## Work item:
Exactly as written, print every line of the listing below and omit its pictures.

## Input data:

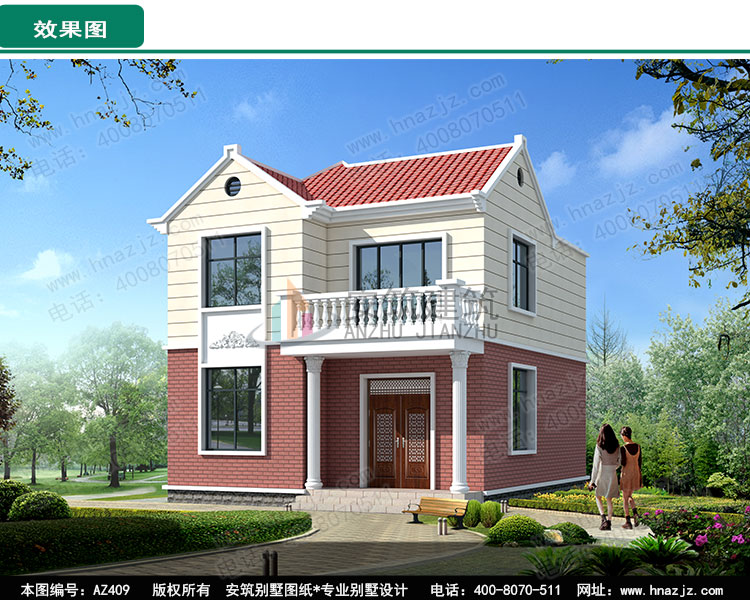 小面积8x10米二层房子设计图，农村小别墅户型图.jpg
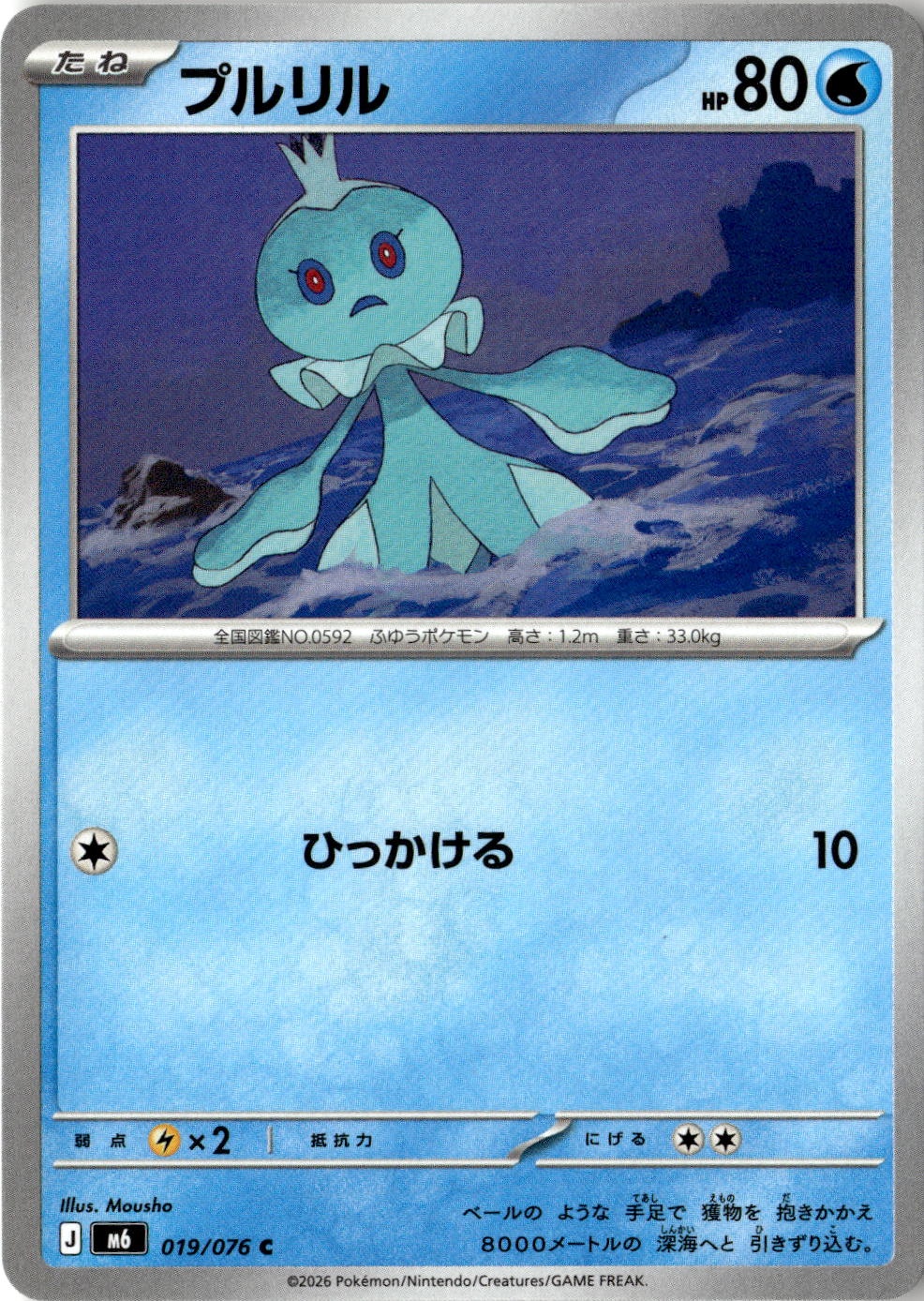 2026 M6 Storm Emeralda Frillish graded slab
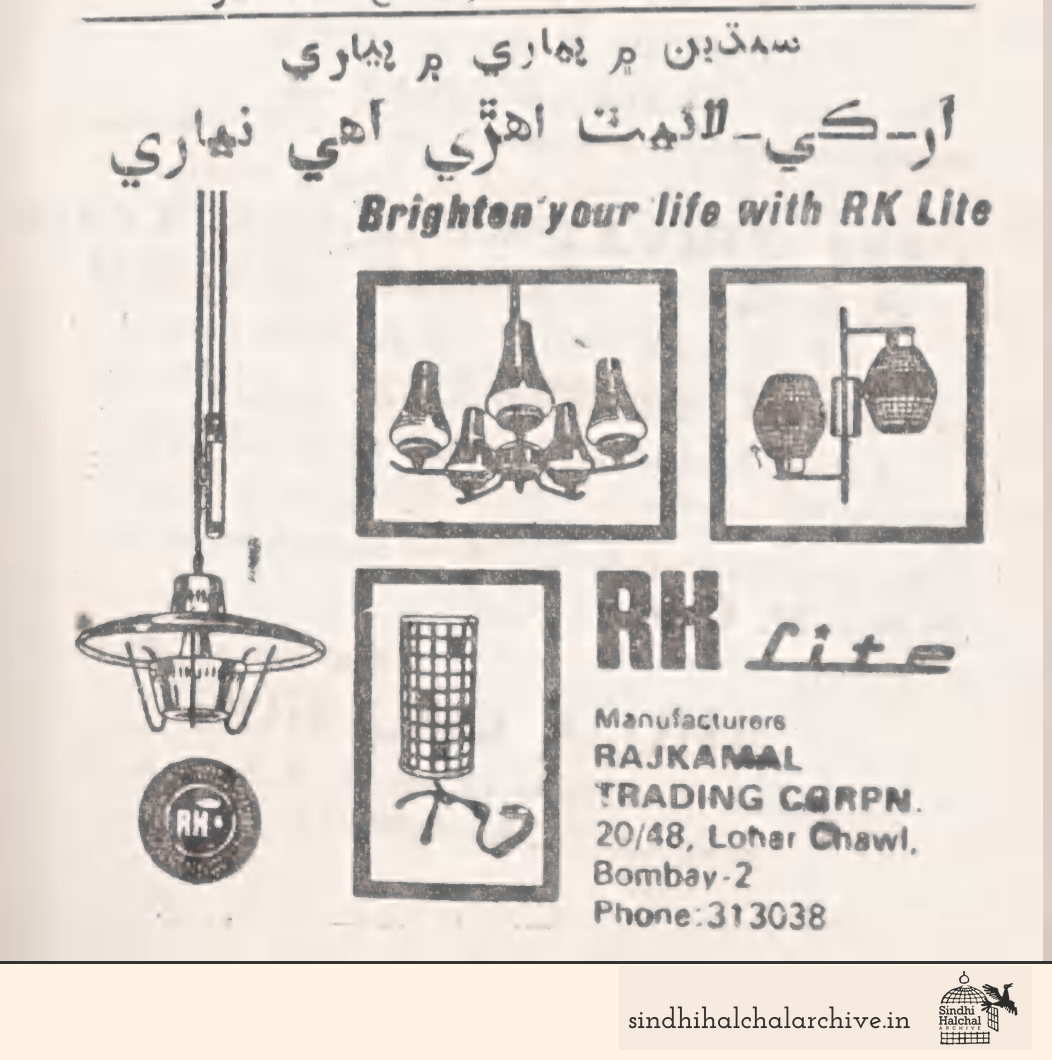 Image of AD RAJKAMAL TRADING CORP.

## Result of this task:
 小面积8x10米二层房子设计图，农村小别墅户型图.jpg
 2026 M6 Storm Emeralda Frillish graded slab
 Image of AD RAJKAMAL TRADING CORP.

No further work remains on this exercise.